The move has some people questioning what, if any, progress they’ve made. Data collected by the Southern Illinois University’s Paul Simon Public Policy Institute shows the percentage of people in Illinois who see the state going in the wrong direction increased by 20 percent in the last year.
PJStar: llinois, where good government came to die
Illinois Comptroller Leslie Munger was in Peoria Tuesday to alert the locals that state government has little more than a week left to begin repairing the “unacceptable” and “unnecessary” damage of the “self-inflicted traumas” it has unleashed, to the degree that is still possible.
That would include $9 billion in unpaid bills, for starters, which comes to more than a quarter of the state’s annual revenue. It would include imperiling the opening of schools in a couple of months. It would include road construction projects coming to a halt on July 1, if and when the 2017 fiscal year begins without a budget. It would include driving social service agencies out of business. It would include one of the most hostile economic environments in America, leading to citizens and employers leaving the state in perhaps unprecedented numbers. It would include Illinois’ well-deserved reputation as the most incompetently run state government in the nation. And yes, it would include legislators having to wait months for their paychecks, giving some a taste of what it’s like to beg mercy from their own creditors … which come to think of it, is not such a bad thing, so strike that last sentence.
We could go on and on, of course, but it would be pointless, as we’ve concluded from experience that there is no amount of shame that can be heaped upon those who occupy seats at the Capitol that would compel them to the cause of good government. Illinois is where good government came to die.
News-Sun: County road projects on list of IDOT work zones being shut down by budget stalemate
The first step in halting transportation projects across Illinois because of the state budget impasse started Wednesday when contractors were notified to secure construction zones by June 30 for a possible long-term shutdown, according to transportation officials.

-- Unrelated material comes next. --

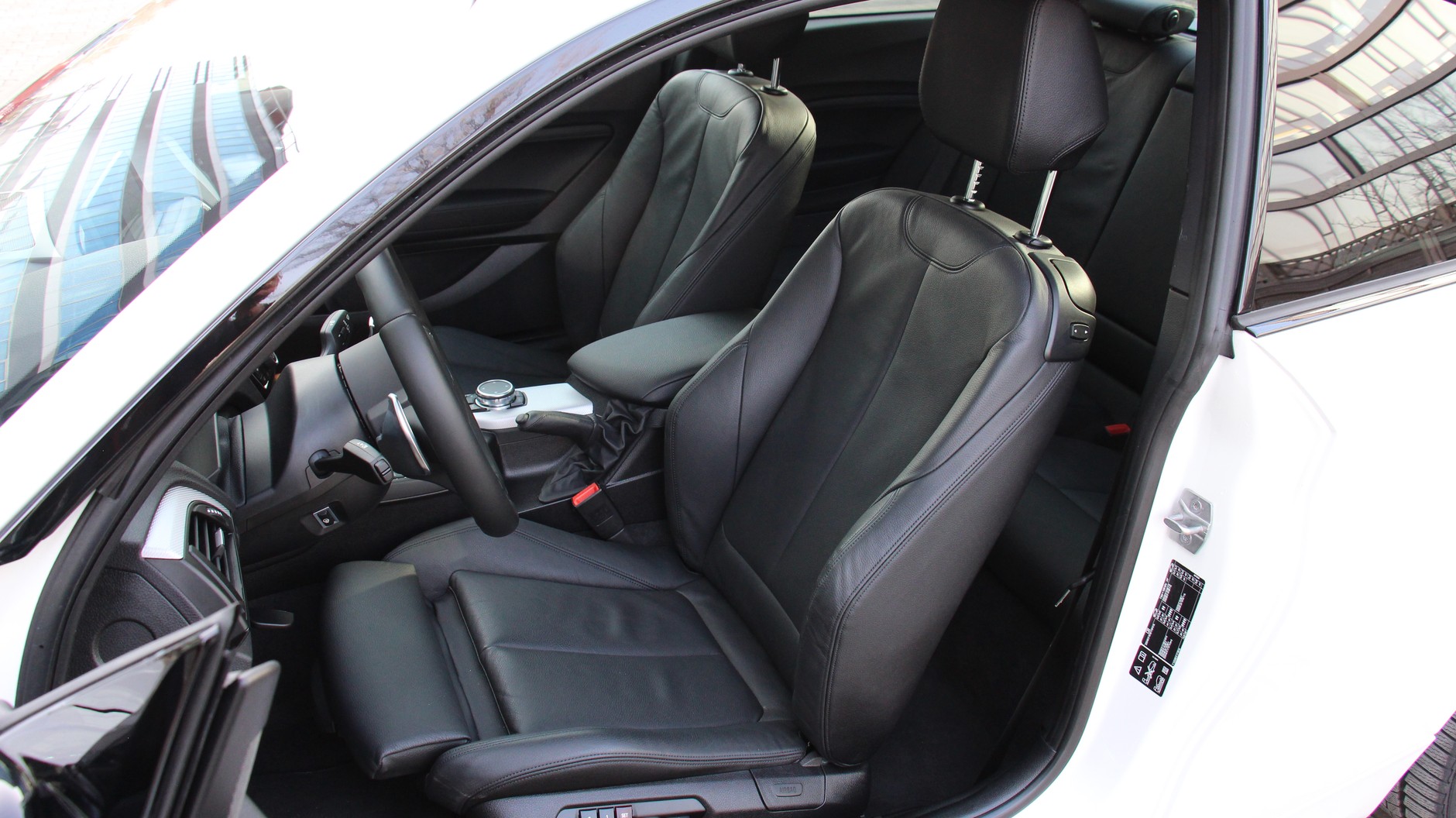 BMW M240i xDrive Coupe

“We have started to inform our industry partners that all of our projects in both construction and engineering phases will be shutting down starting June 30 due to the majority party in the legislature’s failure to pass a balanced budget,” the Illinois Department of Transportation said in a statement. “The conversation about how individual projects will wind down is continuing.”
IDOT officials said they have identified projects totaling $665.5 million underway in Cook, DuPage, Will, McHenry, Kane and Lake counties. The total includes $495.7 million in state projects and $169.7 million in local projects.